8th birthday party- have a drive by parade. You could invite her friends to just drive by and they can pick up a cupcake or goody bag and say hi or drop off gifts. Make the whole day about her!
Really depends on the weather in October but my daughters birthday is in September and last year I rented a bounce house! And had a outdoor party which is so fun! Since yours I’m in October it’s great can make it halloween theme. Me and my brother are 2 days apart so my mom would make us both a party the day in between. Sing to us both and have our friends and family. On our own birthday we usually wouldn’t do anything cuz of the party we were gonna have or we would have a dinner somewhere
My sisters the 19th of June, my brothers 22nd of June & I’m the 23rd we’ve done plenty of shared ones the big ones we don’t tho! It’s easier now where older it’s literally 1 dinner for at least 2 of us done in 1 night, it’s been like this my whole life and since my brother was 7 where used to it on our actual birthdays every year we always woke up to presents & got to pick the dinner that night, & had our own cake.

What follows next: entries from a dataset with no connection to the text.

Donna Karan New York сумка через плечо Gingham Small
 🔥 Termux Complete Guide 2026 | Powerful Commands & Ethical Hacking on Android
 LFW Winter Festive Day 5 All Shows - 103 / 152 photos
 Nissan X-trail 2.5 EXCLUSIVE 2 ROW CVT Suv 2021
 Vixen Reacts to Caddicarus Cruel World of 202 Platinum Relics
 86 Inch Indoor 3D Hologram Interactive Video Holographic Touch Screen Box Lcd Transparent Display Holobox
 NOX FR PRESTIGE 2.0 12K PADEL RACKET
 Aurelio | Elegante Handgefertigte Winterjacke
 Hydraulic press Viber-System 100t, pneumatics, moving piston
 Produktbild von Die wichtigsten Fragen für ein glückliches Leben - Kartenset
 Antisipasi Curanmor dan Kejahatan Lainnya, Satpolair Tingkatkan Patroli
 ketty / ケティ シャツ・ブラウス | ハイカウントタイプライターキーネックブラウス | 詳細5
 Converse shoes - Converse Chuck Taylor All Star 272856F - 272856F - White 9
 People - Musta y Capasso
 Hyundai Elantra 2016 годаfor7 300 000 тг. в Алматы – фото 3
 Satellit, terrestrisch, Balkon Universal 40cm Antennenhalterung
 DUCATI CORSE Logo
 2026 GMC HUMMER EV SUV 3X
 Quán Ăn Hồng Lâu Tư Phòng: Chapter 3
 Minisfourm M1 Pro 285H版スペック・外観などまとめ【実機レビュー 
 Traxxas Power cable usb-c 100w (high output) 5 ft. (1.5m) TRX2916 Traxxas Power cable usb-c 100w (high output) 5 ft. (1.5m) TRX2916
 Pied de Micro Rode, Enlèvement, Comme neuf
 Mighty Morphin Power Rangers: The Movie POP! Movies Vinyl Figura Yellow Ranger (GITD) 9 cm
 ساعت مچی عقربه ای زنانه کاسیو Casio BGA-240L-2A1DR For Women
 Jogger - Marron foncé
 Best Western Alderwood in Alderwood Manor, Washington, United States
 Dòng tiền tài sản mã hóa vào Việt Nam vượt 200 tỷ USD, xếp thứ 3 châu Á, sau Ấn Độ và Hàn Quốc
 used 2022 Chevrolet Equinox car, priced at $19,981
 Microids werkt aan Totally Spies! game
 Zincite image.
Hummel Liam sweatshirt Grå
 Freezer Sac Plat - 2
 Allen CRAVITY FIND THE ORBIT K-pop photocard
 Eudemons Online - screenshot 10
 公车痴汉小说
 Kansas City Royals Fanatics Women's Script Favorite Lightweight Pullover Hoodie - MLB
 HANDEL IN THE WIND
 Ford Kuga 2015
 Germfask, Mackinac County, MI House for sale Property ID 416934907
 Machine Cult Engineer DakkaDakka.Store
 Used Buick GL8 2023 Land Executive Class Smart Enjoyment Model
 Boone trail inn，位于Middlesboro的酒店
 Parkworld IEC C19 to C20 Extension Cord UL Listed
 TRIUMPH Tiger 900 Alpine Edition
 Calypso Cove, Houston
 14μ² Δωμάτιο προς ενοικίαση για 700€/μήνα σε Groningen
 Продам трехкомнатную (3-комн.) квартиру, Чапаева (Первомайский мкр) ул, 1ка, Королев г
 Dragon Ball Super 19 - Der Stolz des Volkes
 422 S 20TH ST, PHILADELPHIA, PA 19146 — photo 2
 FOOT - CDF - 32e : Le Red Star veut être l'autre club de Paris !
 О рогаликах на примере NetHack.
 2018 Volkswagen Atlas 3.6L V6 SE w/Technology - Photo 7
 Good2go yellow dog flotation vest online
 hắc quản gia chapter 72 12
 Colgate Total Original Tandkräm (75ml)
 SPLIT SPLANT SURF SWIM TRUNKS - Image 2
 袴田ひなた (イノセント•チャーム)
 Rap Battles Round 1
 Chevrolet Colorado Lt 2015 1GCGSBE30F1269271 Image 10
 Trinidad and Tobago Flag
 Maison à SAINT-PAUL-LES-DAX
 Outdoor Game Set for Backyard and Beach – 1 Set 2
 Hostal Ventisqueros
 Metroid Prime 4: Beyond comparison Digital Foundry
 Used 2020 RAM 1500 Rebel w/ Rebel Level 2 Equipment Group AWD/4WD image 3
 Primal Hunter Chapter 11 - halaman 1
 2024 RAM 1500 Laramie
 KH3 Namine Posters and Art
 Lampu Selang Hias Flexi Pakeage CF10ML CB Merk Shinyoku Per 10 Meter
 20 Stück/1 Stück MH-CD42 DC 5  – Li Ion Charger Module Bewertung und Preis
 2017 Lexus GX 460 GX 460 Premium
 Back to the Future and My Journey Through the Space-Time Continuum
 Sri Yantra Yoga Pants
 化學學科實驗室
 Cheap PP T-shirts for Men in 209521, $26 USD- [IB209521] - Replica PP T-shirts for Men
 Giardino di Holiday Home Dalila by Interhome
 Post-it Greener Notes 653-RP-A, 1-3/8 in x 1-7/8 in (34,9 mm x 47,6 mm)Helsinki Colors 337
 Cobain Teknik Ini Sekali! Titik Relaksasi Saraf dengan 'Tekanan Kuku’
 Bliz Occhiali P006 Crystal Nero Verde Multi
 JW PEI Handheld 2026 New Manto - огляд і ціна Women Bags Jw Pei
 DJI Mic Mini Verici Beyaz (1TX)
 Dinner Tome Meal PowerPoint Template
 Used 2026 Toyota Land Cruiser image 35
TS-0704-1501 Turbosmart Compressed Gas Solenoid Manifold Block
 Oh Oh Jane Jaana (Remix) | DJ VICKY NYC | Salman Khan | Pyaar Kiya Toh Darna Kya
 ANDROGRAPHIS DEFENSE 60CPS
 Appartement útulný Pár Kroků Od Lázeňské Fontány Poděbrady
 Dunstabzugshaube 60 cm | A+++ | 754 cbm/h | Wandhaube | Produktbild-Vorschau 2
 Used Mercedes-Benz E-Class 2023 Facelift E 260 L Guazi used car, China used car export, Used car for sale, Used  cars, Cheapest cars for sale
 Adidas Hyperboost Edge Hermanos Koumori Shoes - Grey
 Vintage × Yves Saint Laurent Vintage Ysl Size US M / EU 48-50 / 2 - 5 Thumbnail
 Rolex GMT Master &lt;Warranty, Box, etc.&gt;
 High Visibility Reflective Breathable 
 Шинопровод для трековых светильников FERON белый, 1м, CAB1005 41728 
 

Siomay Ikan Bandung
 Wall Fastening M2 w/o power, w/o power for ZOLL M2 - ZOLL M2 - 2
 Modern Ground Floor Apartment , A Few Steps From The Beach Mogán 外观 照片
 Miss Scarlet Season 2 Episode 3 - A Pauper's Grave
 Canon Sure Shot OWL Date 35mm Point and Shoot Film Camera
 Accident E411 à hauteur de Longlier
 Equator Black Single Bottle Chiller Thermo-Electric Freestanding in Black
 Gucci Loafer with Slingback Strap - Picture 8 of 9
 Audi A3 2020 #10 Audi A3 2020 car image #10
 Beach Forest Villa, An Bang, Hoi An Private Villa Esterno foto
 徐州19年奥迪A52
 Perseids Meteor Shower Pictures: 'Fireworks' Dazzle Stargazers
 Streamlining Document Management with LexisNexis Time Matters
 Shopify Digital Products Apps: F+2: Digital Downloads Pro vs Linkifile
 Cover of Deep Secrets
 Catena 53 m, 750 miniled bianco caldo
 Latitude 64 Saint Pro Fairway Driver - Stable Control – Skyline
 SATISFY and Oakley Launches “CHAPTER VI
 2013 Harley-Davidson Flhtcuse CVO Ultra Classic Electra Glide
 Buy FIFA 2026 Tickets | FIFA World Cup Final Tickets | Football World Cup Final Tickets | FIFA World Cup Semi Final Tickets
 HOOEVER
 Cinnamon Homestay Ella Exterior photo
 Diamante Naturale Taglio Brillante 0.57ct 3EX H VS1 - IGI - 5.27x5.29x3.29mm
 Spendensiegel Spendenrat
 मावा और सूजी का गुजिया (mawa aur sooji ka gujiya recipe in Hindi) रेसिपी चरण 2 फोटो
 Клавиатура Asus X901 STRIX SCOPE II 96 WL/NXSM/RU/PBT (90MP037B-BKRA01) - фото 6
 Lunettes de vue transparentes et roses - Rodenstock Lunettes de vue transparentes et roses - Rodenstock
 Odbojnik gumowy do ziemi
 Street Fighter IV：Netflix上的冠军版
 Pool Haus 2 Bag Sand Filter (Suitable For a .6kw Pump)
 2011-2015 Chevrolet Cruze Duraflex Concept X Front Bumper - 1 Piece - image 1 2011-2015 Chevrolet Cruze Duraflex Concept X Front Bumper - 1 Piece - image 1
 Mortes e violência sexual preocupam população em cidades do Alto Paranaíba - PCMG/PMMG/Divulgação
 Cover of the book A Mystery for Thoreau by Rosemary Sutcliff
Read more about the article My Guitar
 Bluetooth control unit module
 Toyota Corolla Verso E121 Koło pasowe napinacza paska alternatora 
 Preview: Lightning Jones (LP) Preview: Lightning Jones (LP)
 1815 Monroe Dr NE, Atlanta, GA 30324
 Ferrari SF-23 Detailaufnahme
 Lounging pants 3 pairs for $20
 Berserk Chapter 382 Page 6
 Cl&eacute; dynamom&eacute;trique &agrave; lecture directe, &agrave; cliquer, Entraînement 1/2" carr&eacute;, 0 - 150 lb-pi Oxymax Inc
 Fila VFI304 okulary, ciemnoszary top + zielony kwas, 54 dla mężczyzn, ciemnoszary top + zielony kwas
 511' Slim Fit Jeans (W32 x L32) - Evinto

Me and my sister were the same way (20th and 24th of October) usually we did something on the 22nd or we would switch between the days each year. Another thing we would do is because my sisters birthday was first she would get the cake and get to open her presents and I would get to open one of my small ones and then on my birthday I wouldnt get cake but I would get to open my presents and my sister would get to open her last one that she wasn’t given on her birthday. So it’s like we got to celebrate twice since it had to be a “shared” day.
My four all have birthdays within 2 weeks of each other, so we have one big party but they all get separate cakes with their own theme. On their actual birthday I make them a homemade cake of their choice and give them gifts from me to make the day special. Everyone else gives gifts at the party.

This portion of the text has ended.